§ DATASET RECORDS

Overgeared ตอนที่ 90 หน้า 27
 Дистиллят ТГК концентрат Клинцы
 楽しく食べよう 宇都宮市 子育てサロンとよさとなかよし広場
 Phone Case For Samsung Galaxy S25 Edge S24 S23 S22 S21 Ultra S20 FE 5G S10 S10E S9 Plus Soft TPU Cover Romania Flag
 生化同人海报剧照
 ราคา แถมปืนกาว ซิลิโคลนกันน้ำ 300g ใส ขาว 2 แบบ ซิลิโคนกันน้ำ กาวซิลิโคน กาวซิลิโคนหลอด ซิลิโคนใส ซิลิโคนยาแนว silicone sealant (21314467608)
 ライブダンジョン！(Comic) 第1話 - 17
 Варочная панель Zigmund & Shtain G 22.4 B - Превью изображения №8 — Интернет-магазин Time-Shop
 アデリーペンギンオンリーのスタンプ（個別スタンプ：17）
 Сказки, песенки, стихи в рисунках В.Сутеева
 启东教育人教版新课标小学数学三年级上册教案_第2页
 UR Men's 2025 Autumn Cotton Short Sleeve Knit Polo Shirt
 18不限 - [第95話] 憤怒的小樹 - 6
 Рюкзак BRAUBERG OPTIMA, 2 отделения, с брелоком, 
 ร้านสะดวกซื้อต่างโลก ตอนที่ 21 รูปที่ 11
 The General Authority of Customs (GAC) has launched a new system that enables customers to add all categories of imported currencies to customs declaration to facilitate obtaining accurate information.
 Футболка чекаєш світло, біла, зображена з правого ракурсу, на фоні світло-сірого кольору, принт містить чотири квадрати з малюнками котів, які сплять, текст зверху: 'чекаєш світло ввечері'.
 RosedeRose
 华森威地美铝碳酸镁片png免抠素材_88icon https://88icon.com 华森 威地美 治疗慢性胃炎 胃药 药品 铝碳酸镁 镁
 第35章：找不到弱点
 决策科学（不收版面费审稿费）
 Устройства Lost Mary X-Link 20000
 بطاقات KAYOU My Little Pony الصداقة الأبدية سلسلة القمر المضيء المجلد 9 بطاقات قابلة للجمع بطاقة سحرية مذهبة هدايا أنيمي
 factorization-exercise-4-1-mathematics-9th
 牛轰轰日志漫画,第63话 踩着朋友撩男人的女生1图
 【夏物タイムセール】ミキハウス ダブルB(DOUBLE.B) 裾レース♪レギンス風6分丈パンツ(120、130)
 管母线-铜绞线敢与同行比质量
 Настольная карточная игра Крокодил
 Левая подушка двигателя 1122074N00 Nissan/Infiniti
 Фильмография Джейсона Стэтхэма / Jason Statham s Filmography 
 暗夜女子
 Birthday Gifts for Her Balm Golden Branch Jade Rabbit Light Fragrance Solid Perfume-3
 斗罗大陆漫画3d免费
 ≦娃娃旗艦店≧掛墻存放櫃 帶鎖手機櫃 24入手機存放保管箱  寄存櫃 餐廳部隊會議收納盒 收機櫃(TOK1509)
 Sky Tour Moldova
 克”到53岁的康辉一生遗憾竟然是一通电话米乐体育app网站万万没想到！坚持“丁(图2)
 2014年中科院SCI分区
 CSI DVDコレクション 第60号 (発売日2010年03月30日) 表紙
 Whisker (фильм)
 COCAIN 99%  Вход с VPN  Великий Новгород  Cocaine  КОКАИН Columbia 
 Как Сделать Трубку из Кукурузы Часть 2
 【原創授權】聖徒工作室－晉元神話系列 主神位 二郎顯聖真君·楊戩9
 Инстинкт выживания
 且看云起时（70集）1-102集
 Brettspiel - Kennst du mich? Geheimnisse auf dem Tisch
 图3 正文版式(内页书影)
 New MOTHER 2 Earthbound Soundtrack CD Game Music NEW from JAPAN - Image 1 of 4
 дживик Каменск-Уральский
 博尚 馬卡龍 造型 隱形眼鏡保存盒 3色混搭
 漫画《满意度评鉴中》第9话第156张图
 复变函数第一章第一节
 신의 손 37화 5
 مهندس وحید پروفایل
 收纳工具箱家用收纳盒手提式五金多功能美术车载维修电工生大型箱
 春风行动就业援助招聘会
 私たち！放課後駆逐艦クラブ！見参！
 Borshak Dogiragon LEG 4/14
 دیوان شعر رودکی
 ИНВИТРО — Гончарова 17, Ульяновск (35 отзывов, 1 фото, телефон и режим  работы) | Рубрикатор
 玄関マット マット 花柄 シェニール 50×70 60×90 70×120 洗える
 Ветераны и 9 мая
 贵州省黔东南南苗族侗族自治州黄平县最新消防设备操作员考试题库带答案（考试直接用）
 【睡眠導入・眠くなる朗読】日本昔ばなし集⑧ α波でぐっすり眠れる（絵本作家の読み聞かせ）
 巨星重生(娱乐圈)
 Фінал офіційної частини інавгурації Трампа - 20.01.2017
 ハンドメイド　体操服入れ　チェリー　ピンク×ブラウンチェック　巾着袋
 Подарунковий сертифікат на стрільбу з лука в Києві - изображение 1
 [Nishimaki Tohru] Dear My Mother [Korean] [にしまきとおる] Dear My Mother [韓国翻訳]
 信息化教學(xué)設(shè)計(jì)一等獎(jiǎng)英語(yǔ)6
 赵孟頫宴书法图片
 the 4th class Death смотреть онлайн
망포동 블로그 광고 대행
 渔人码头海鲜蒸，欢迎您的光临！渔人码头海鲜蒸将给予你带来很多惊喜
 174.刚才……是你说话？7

§ EXERCISE PROMPT
Your answer must be an exact transcription of all the data above.

§ EXERCISE RESPONSE
Overgeared ตอนที่ 90 หน้า 27
 Дистиллят ТГК концентрат Клинцы
 楽しく食べよう 宇都宮市 子育てサロンとよさとなかよし広場
 Phone Case For Samsung Galaxy S25 Edge S24 S23 S22 S21 Ultra S20 FE 5G S10 S10E S9 Plus Soft TPU Cover Romania Flag
 生化同人海报剧照
 ราคา แถมปืนกาว ซิลิโคลนกันน้ำ 300g ใส ขาว 2 แบบ ซิลิโคนกันน้ำ กาวซิลิโคน กาวซิลิโคนหลอด ซิลิโคนใส ซิลิโคนยาแนว silicone sealant (21314467608)
 ライブダンジョン！(Comic) 第1話 - 17
 Варочная панель Zigmund & Shtain G 22.4 B - Превью изображения №8 — Интернет-магазин Time-Shop
 アデリーペンギンオンリーのスタンプ（個別スタンプ：17）
 Сказки, песенки, стихи в рисунках В.Сутеева
 启东教育人教版新课标小学数学三年级上册教案_第2页
 UR Men's 2025 Autumn Cotton Short Sleeve Knit Polo Shirt
 18不限 - [第95話] 憤怒的小樹 - 6
 Рюкзак BRAUBERG OPTIMA, 2 отделения, с брелоком, 
 ร้านสะดวกซื้อต่างโลก ตอนที่ 21 รูปที่ 11
 The General Authority of Customs (GAC) has launched a new system that enables customers to add all categories of imported currencies to customs declaration to facilitate obtaining accurate information.
 Футболка чекаєш світло, біла, зображена з правого ракурсу, на фоні світло-сірого кольору, принт містить чотири квадрати з малюнками котів, які сплять, текст зверху: 'чекаєш світло ввечері'.
 RosedeRose
 华森威地美铝碳酸镁片png免抠素材_88icon https://88icon.com 华森 威地美 治疗慢性胃炎 胃药 药品 铝碳酸镁 镁
 第35章：找不到弱点
 决策科学（不收版面费审稿费）
 Устройства Lost Mary X-Link 20000
 بطاقات KAYOU My Little Pony الصداقة الأبدية سلسلة القمر المضيء المجلد 9 بطاقات قابلة للجمع بطاقة سحرية مذهبة هدايا أنيمي
 factorization-exercise-4-1-mathematics-9th
 牛轰轰日志漫画,第63话 踩着朋友撩男人的女生1图
 【夏物タイムセール】ミキハウス ダブルB(DOUBLE.B) 裾レース♪レギンス風6分丈パンツ(120、130)
 管母线-铜绞线敢与同行比质量
 Настольная карточная игра Крокодил
 Левая подушка двигателя 1122074N00 Nissan/Infiniti
 Фильмография Джейсона Стэтхэма / Jason Statham s Filmography 
 暗夜女子
 Birthday Gifts for Her Balm Golden Branch Jade Rabbit Light Fragrance Solid Perfume-3
 斗罗大陆漫画3d免费
 ≦娃娃旗艦店≧掛墻存放櫃 帶鎖手機櫃 24入手機存放保管箱  寄存櫃 餐廳部隊會議收納盒 收機櫃(TOK1509)
 Sky Tour Moldova
 克”到53岁的康辉一生遗憾竟然是一通电话米乐体育app网站万万没想到！坚持“丁(图2)
 2014年中科院SCI分区
 CSI DVDコレクション 第60号 (発売日2010年03月30日) 表紙
 Whisker (фильм)
 COCAIN 99%  Вход с VPN  Великий Новгород  Cocaine  КОКАИН Columbia 
 Как Сделать Трубку из Кукурузы Часть 2
 【原創授權】聖徒工作室－晉元神話系列 主神位 二郎顯聖真君·楊戩9
 Инстинкт выживания
 且看云起时（70集）1-102集
 Brettspiel - Kennst du mich? Geheimnisse auf dem Tisch
 图3 正文版式(内页书影)
 New MOTHER 2 Earthbound Soundtrack CD Game Music NEW from JAPAN - Image 1 of 4
 дживик Каменск-Уральский
 博尚 馬卡龍 造型 隱形眼鏡保存盒 3色混搭
 漫画《满意度评鉴中》第9话第156张图
 复变函数第一章第一节
 신의 손 37화 5
 مهندس وحید پروفایل
 收纳工具箱家用收纳盒手提式五金多功能美术车载维修电工生大型箱
 春风行动就业援助招聘会
 私たち！放課後駆逐艦クラブ！見参！
 Borshak Dogiragon LEG 4/14
 دیوان شعر رودکی
 ИНВИТРО — Гончарова 17, Ульяновск (35 отзывов, 1 фото, телефон и режим  работы) | Рубрикатор
 玄関マット マット 花柄 シェニール 50×70 60×90 70×120 洗える
 Ветераны и 9 мая
 贵州省黔东南南苗族侗族自治州黄平县最新消防设备操作员考试题库带答案（考试直接用）
 【睡眠導入・眠くなる朗読】日本昔ばなし集⑧ α波でぐっすり眠れる（絵本作家の読み聞かせ）
 巨星重生(娱乐圈)
 Фінал офіційної частини інавгурації Трампа - 20.01.2017
 ハンドメイド　体操服入れ　チェリー　ピンク×ブラウンチェック　巾着袋
 Подарунковий сертифікат на стрільбу з лука в Києві - изображение 1
 [Nishimaki Tohru] Dear My Mother [Korean] [にしまきとおる] Dear My Mother [韓国翻訳]
 信息化教學(xué)設(shè)計(jì)一等獎(jiǎng)英語(yǔ)6
 赵孟頫宴书法图片
 the 4th class Death смотреть онлайн
망포동 블로그 광고 대행
 渔人码头海鲜蒸，欢迎您的光临！渔人码头海鲜蒸将给予你带来很多惊喜
 174.刚才……是你说话？7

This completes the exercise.